何とも言えない顔をしているところを見ると、そうなんだろう。これだけのイケメンなんだから、女子からのアプローチも凄いんだろうな……。

「イケメンも、色々と大変ですね。」
「まぁ……。でも、俺は父と比べたらまだマシだと…両親やこく───両親の知り合いにはよく言われるかな。」

ーと言う事は、春野君は父親似で、父親がこれまたイケメン─からのイケオジと言う事かー

「妹さんも…異性で苦労したりは……」
「あぁ、妹は大丈夫。兄として贔屓目はあるかもしれないけど、妹も可愛いけど、ある意味周りがし、早くに結婚したからね。」

“許さなかった”─の意味はイマイチ分からないけど、春野君にとっては、妹さんはとても可愛いけど苦労はしなかった─と言う事かな?

兄妹───か。

「ところで、春野君はいつまで日本に?と言うか、流暢な日本語ですよね。日本は初めてなんですよね?」
「あー……確かに日本は初めてだけど……日本語は…母のお陰…かな?」
「お母さんが日本人なんですね。」
「そう…だね。それで、後2、3週間は居ると思うから、また、美味しいお店を教えてくれないかな?」
「それは良いですけど…私で良いんですか?」
「みきさんからも、吉岡さんなら安心だって言われてるし、嫌だったらお願いなんてしないから。それに……吉岡さんとなら……落ち着くから。」

フワッと微笑むと、更にイケメン度が増す─と言う事を知っているんだろうか?
“落ち着く”と言う事は、嫌がられたりはしていないと言う事だよね?

「仕事があるので、毎日とかは無理ですけど、時間があれば案内しますね。」
「ありがとう。」

ー後は……これ以上、清水さんが絡んで来ない事を祈るだけだよねー








******


すいちゃん、また身長伸びた?」
「流石に、もう伸びてませんよ。

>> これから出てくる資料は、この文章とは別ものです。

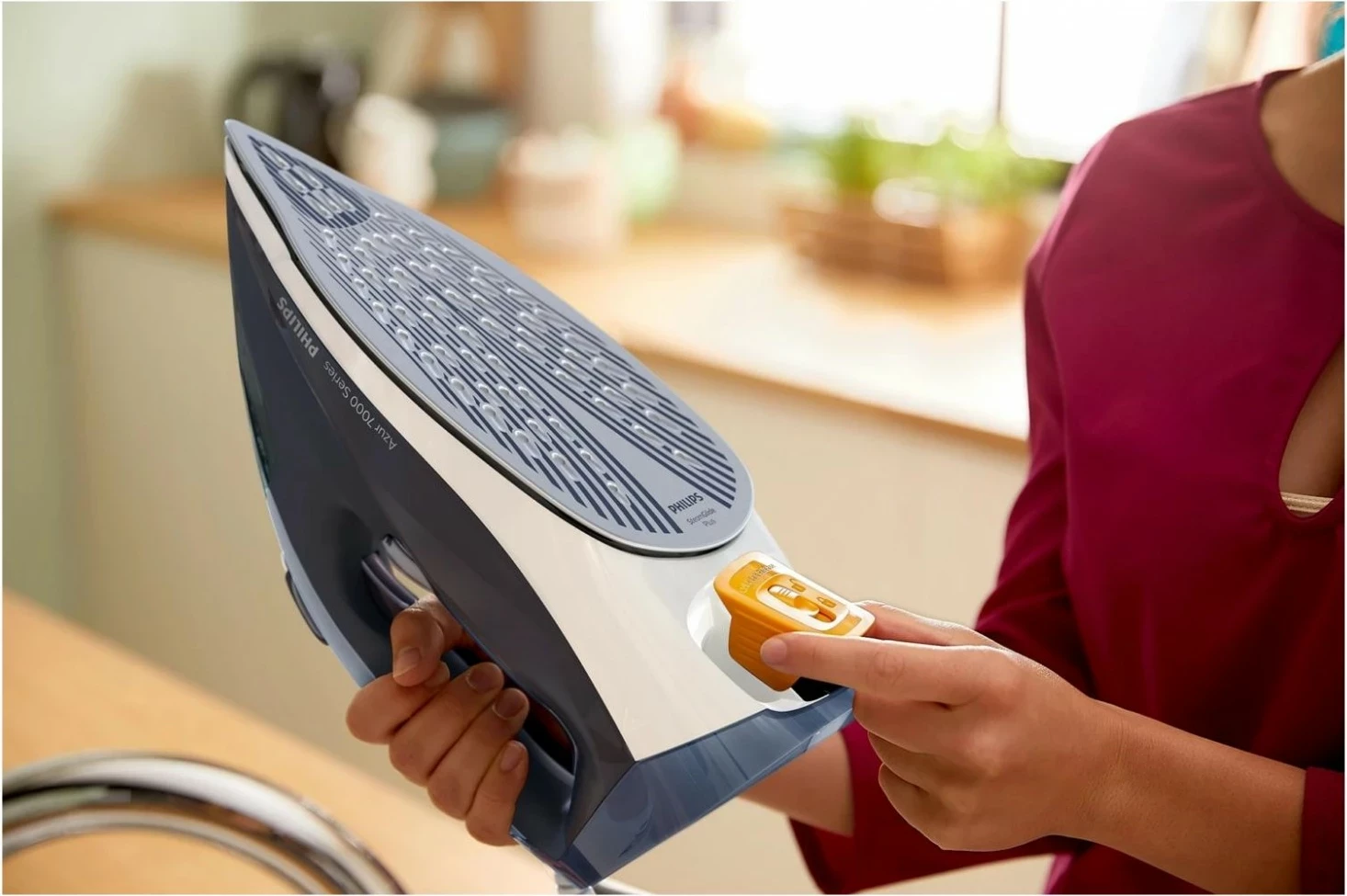 Parni likalnik, Philips Azur 7000 DST7030/20, granat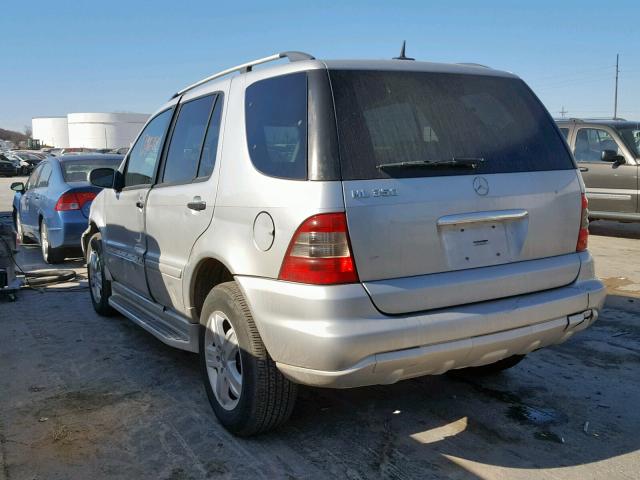 4JGAB57E65A527809 - 2005 MERCEDES-BENZ ML 350 SILVER photo 3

」

小南家で、小南夫婦と春野君と4人で奥さんの手料理を食べた後、手土産に持って来たケーキを食べながらのトークタイムとなった。
小南夫婦は、私の過去─記憶を失って以後の話を知っている。発見された時の状態も。10歳とは思えない程小さくて、ひょろひょろだった──筈だったけど、今では、身長169cmもあって、なんなら女子としては大きい方だ。

「翠ちゃんなら、モデルでもできそうだよね。」
「そんな事言うの、小南さんぐらいですからね?贔屓目が入りまくってるんですよ。でも……ありがとうございます。」

両親もそうだったけど、小南夫婦からの愛情は、素直に嬉しい。

「吉岡さんに彼氏が居ないのが不思議ですね。可愛いし、芯もしっかりしてるし……」
「ごふっ──かわっ!?」

ーえ?何を言われた!?ー

飲んでいた紅茶を吹き出しそうになり、我慢すると……むせた。そんな私の背中を「大丈夫?」と言いながら擦ってくれているのは、私の横に座っている春野君だ。

「流石セオ君!翠ちゃんの事、既に分かってくれてるのね!そうなのよ!翠ちゃんって可愛くて芯がしっかりしてて優しい良い子なの!自己肯定が低いのが心配なんだけどね……。」

「私を褒めてくれるのなんて…小南さん夫婦ぐらいですよ?」
「そこに、俺も追加だな。」
「はい?」

背中を擦ってくれている春野君を見上げると、そこには、綺麗な青色の瞳があった。それは、青空よりも綺麗な青色に見えた。

「……吸い込まれそうな程綺麗な…青色ですね……」
「ん?」
「あ………」

思わず、思った事が口から出てしまい、目の前のイケメンが、キョトン─となっている。

「あらやだ、芽流めぐるさん。ついに翠ちゃんにも春が来たのかしら?」
「美樹さん、その辺は、黙って見守ってあげようね?」

ー恥ずかしいー

恥ずかしくて顔が赤くなっているだろう私を、春野君はクスクスと笑って見ているだけだった。









*セオ視点*


めぐるさんは誰かから電話があり別室へ、みきさんと吉岡さんが洗い物をする為に台所へと行った後、俺はゲージでおとなしくしているシルヴィの所へとやって来た。

『“シルヴィ”か……お前……オス…だよな?』

ピクッ─と、その耳が反応し、伏せていた顔を上げると、そこには少しご機嫌?な感じの顔があった。

ーやっぱり…か。でも…どうして?ー

『色々訊きたい事はあるけど……彼女は知らないのか?』

シルヴィはパタパタと尻尾を振るだけだ。

ーこんな時、母や妹が居たらもっと上手いやり方があったんだろうなー




俺は、いつだって妹には敵わなかった。それは仕方の無い事だし、比べるレベルが違う事も解っている。

『セオは、自慢の息子だ』

と、両親も言ってくれるのは、きっと本心だ。ただ、俺自身が、自信を持てていないだけなんだ。




『お前が望むなら……あげられると思う。』

そう言いながら、シルヴィの頭を撫でると、一瞬驚いたように目を見開いた後、目を細めておとなしく俺に撫でられていた。